Israel’s War Against Palestine: Documenting the Military Occupation of Palestinian and Arab Lands

Amira Hass: Ramallah and Gaza are waiting

25 March 2010

By Amira Hass, Haaretz – 25 March 2010
www.haaretz.com/hasen/spages/1159017.html

Amira Hass

Amira Hass

Satisfaction – that’s what Israeli faces radiate, at least as observed by people who just came out of Ramallah or Gaza and watch Jerusalem’s busy Ben-Yehuda Street, the Ramat Aviv Mall or Ben-Gurion International Airport.

To the Israelis, nothing exists beyond the moment. It’s just like the smugness exhibited by Prime Minister Benjamin Netanyahu on his private playing field, the AIPAC conference. Have our diplomats been expelled? Is the American administration angry? We’ll bow our heads for a moment, the storm will pass, and we’ll be accepted into the honorable club of the OECD. The main thing is that Israel’s obstinate policy of separation has succeeded and that two adversarial Palestinian entities has been created.

One is building its Islamic principality in an isolated enclave, bouncing around promises that the second step toward the liberation of Jerusalem and Haifa has already been taken. The other proudly hosts representatives of donor nations in its small and crowded enclaves, and tries to persuade everybody that this is the way to build a state that includes Area C, no-man’s land, Latrun, Gaza, Al-Aqsa and the approximately 70 square kilometers that Israel has annexed and calls Jerusalem.
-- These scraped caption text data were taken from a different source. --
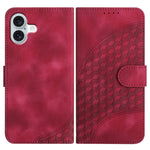 YX0060 Coque de téléphone en cuir gaufrée tête d'éléphant avec lanière, pour iPhone 16 Pro, pour iPhone 16 Plus, pour iPhone 16, pour iPhone 15 Pro Max, pour iPhone 15 Pro, pour iPhone 15 Plus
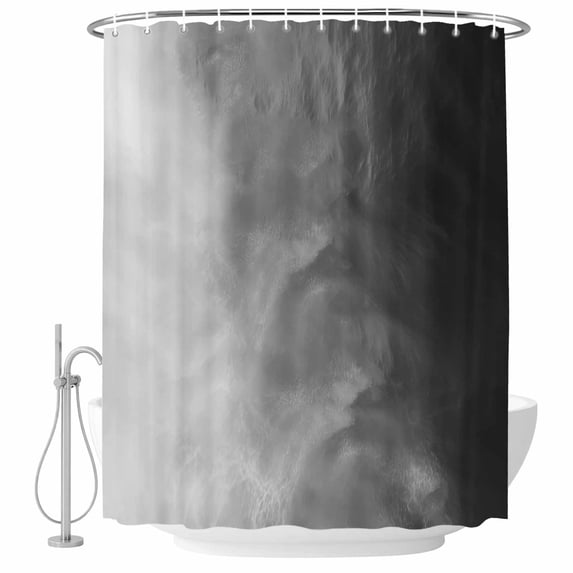 Black Grey Ombre Bathroom Shower Curtains with Hooks, Coastal Beach Modern Abstract Waterproof Fabric Washable Shower Curtain for Home Hotel Bathtub Decor 60x72 Inch
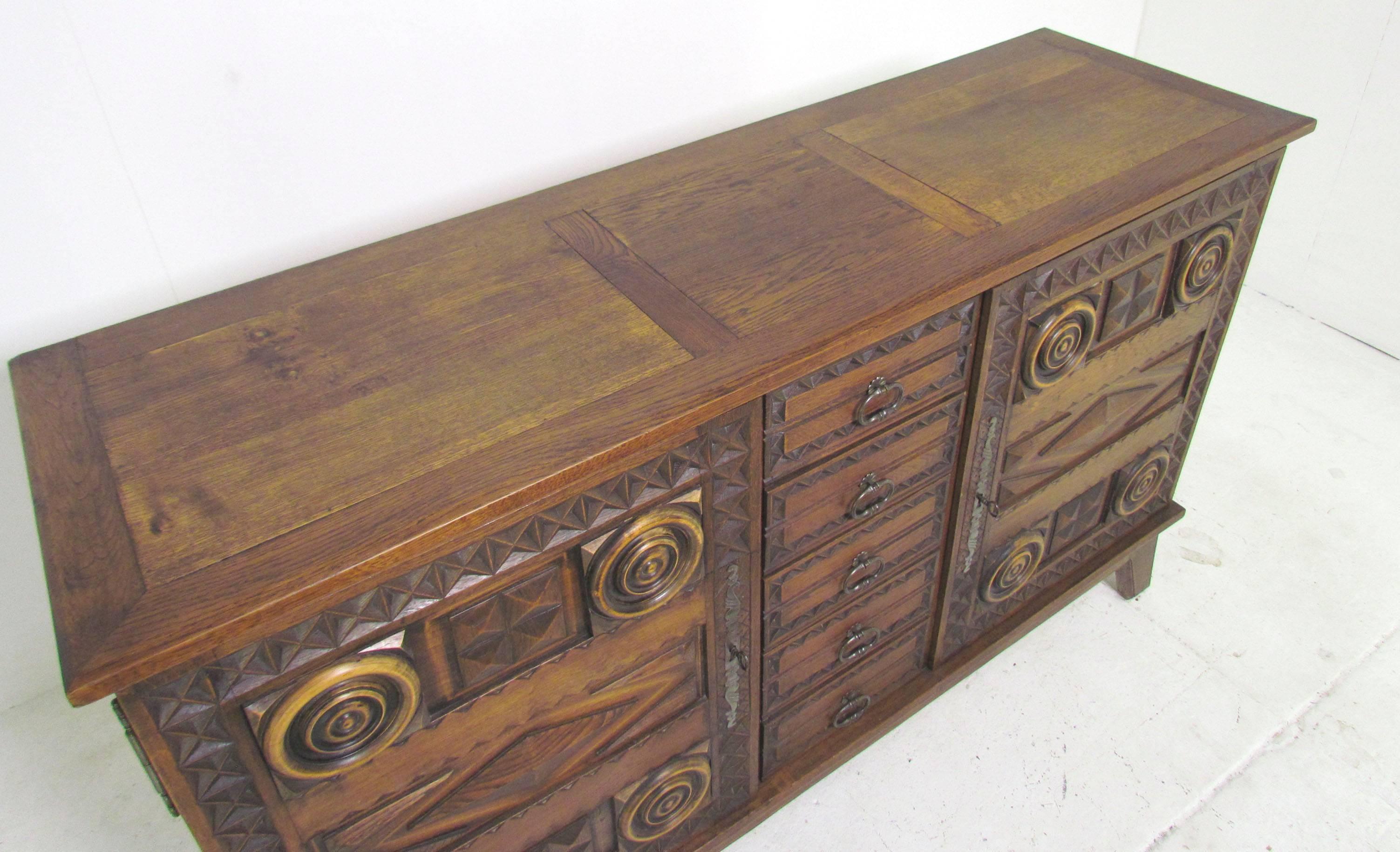 Brass Mexican Modernist Chip Carved and Decorated Oak Credenza, circa 1960s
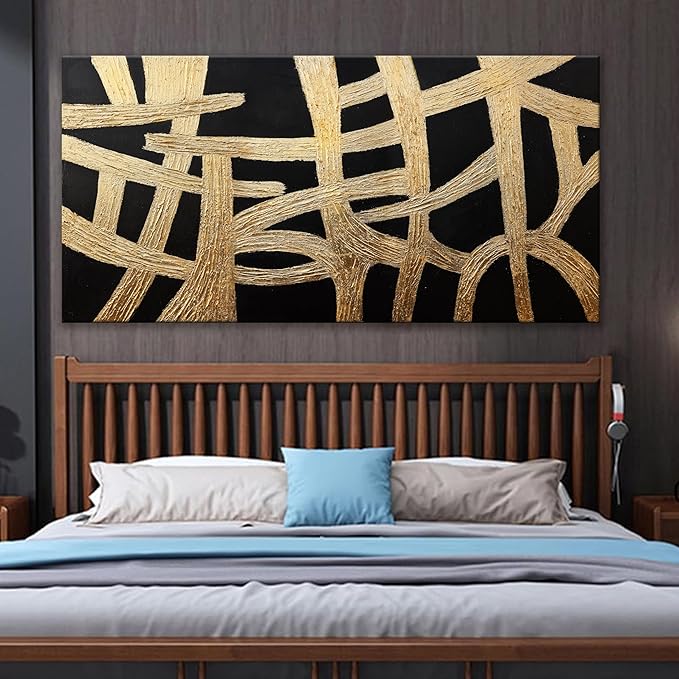 Abstract Wall Art Paintings Wall Decor Large Canvas Wall Art Decor Black And Gold Lines Texture Wall Art Artwork Modern Minimalist Wall Art Living Room For Room Bedroom Office Wall Decor 29"X58"-CasaMuseHome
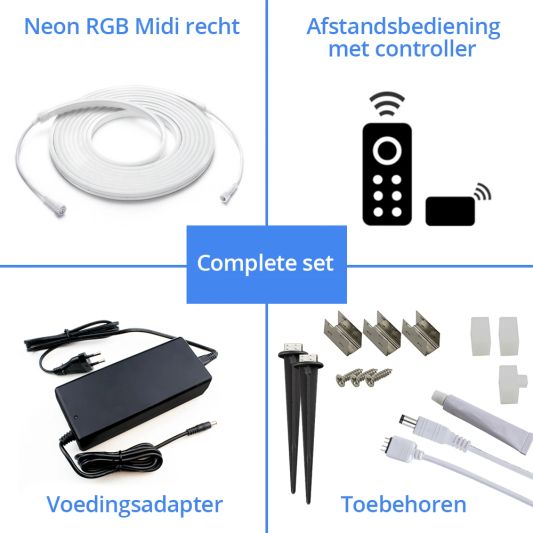 5 meter RGB Neon LED flex Midi Recht - complete set neon verlichting met grondspiezen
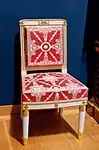 Chair; before 1810; white trimmed wood with gilt carved decoration, modern trim, red and white silk; 90 x 50.5 x 44 cm; Louvre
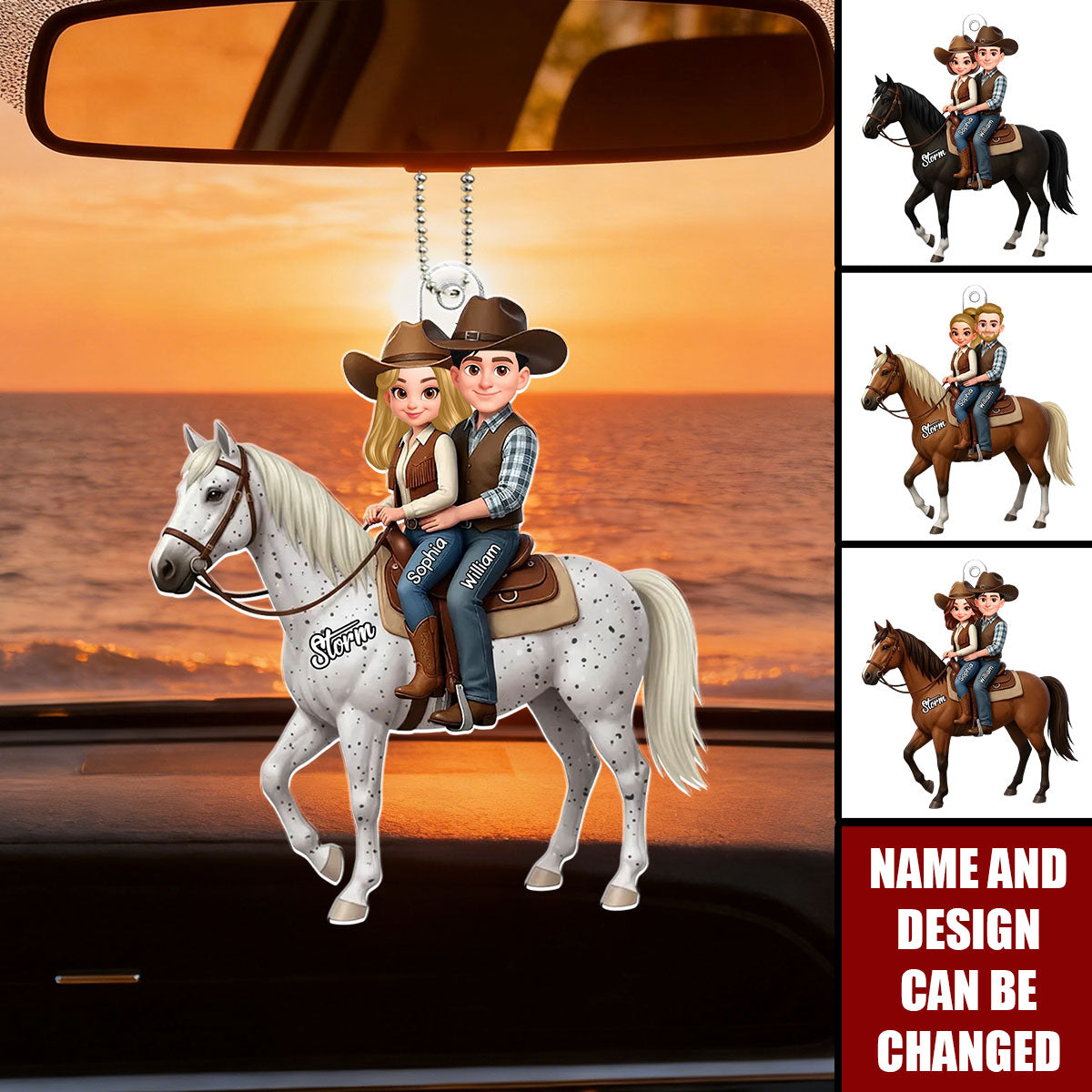 3D Effect Couple And Their Horse - Personalized Car Ornament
But we Israelis know that everything is equally imaginary. We are the wizards of the status quo. We establish it as we like, moving an acre here and a military base there, until the world says it agrees. When God wants, Ramallah will also be called a holy city and Gaza will be crowned an Egyptian district capital.

That is not the way the future looks in the two separate entities. Their mutually contradictory rhetoric is based on a similar assumption: Both Gaza and Ramallah believe that change will eventually come from the outside, and that is the popular expectation as well.
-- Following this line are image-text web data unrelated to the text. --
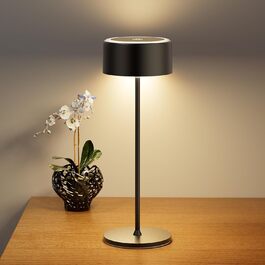 Бездротова LED-лампа TYEE настільна з регулюванням яскравості, акумуляторна, тепле світло 2200-3000K, USB-C, водонепроникна IP54, чорна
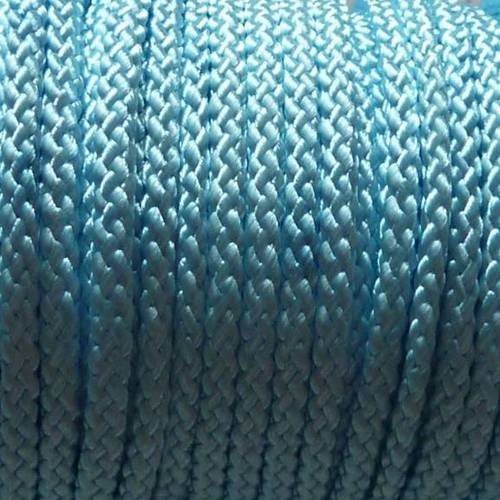 1m cordon polyester 2mm de couleur bleu pâle, layette brillant 2mm 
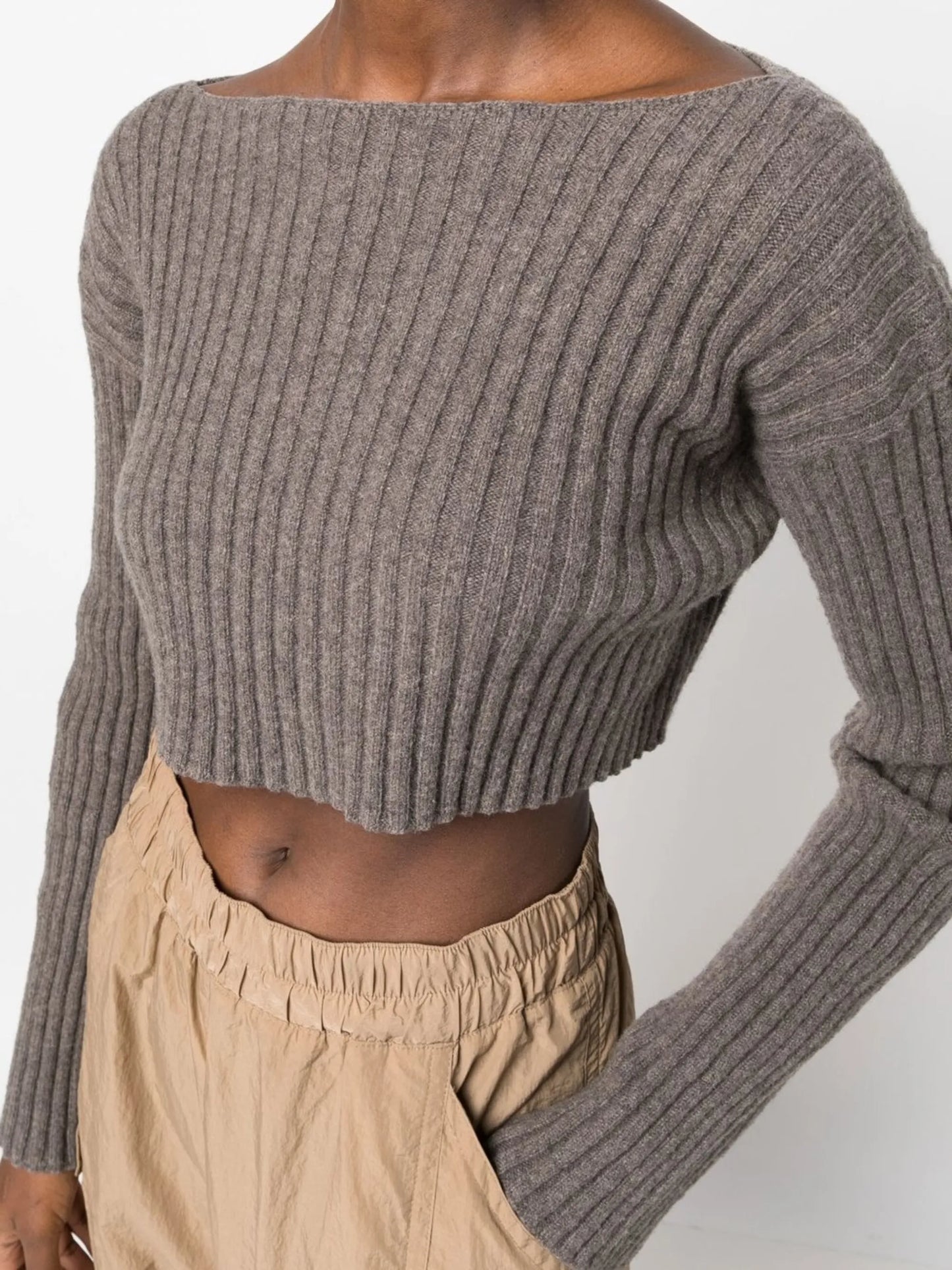 cropped ribbed jumper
The Ramallah government expects that the United States, Europe and the pro-Western Arab states will come to their senses and force Israel to do that which it has avoided since 1968: withdraw (“with slight border adjustments”) and bring the settlers back home. The Ramallah government expects that external factors will cause Israel to understand that which it does not understand on its own. There is nothing boastful about this stance; rather, it is one of compassion for the Israeli people, which has encased itself in a bubble of smugness that ignores historical processes.

More than a decade ago, during one of the futile rounds of talks between Israel and the Palestinians, Saeb Erekat allowed himself to wonder: “Aren’t the Israelis thinking about their grandchildren?” A similar question is heard from inhabitants of Gaza whose homes were destroyed and whose children were killed, as well as from Palestinian farmers in the West Bank who have had their fill of harassment from settlers. Everyone wants to know: Don’t the Israelis understand that they cannot depend forever on their economic and military superiority? That it is impossible to maintain forever an aggressive regime based on extreme inequality and privilege for Jews?

In other words, it is a request to the West: “If Israel is so important to you, save it from itself.”

That approach sees the Jewish Israeli community as an accepted part of the region, whether in one state, in two or in a federation of states. It does not matter. It proposes foreseeable time frames for implementation: two years, five years, 10. This is an approach that still preserves faith in Western common sense.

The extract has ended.